NVIDIA / pyxis

Container plugin for Slurm Workload Manager
Apache License 2.0
282 stars 31 forks source link

Cannot join running container executing sshd #45

Closed flx42 closed 3 years ago

flx42 commented 3 years ago

Description

@3XX0 reported the following issue:

$ srun --container-image=ubuntu --container-name=ubuntu sh -c 'apt-get update && apt-get install -y openssh-server'
$ srun --container-name=ubuntu --no-container-remap-root sshd -d -p 2222

From another terminal, we can't exec into this existing container:

$ srun --overlap --jobid=${JOBID} --container-name=ubuntu --pty bash
slurmstepd: error: pyxis: failed to set  2222 [listener] 0 of 10-100 startups: Bad argument
slurmstepd: error: pyxis: couldn't read container environment

Root cause

pyxis notices that the container named ubuntu is already running, so it uses this PID for the namespaces and the environment.

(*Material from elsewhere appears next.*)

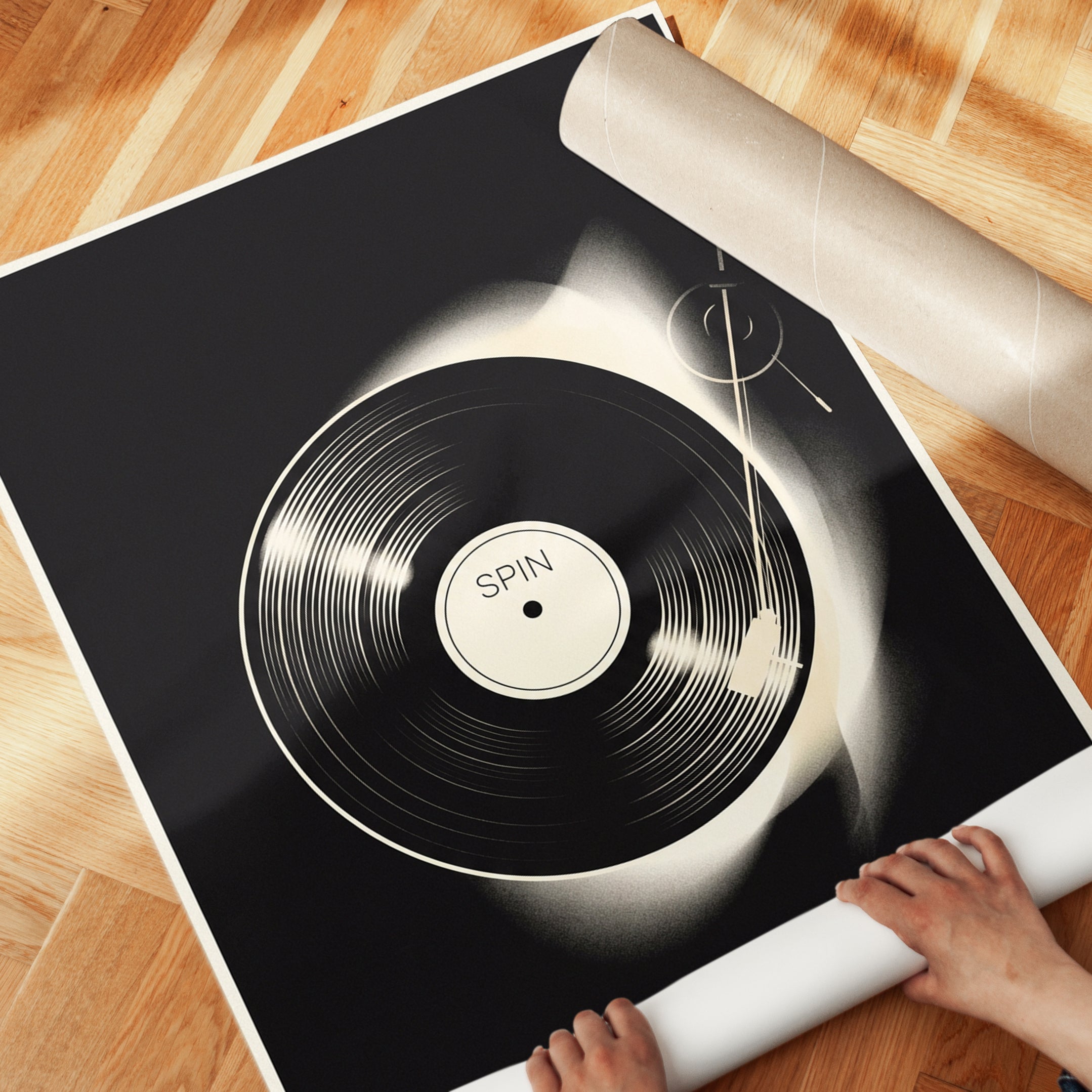 Vinyl Record Wall Art — Retro Turntable Spin Print - detail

However, sshd modifies the name of the running process. On BSD setproctitle(3) is available, but on Linux it has to hack the content of argv and environ, so the procfs file /proc/<PID>/environ becomes invalid:

$ cat /proc/480286/environ
 2222 [listener] 0 of 10-100 startupsp

So pyxis fails to import this file.

Workaround

Launch sshd below a sh process:

$ srun --container-name=ubuntu --no-container-remap-root sh -c '/usr/sbin/sshd -d -p 2222'

It doesn't work with bash because of implicit execs.

Fix

Only use the existing PID for namespaces, always use a new enroot start to get the environment variables.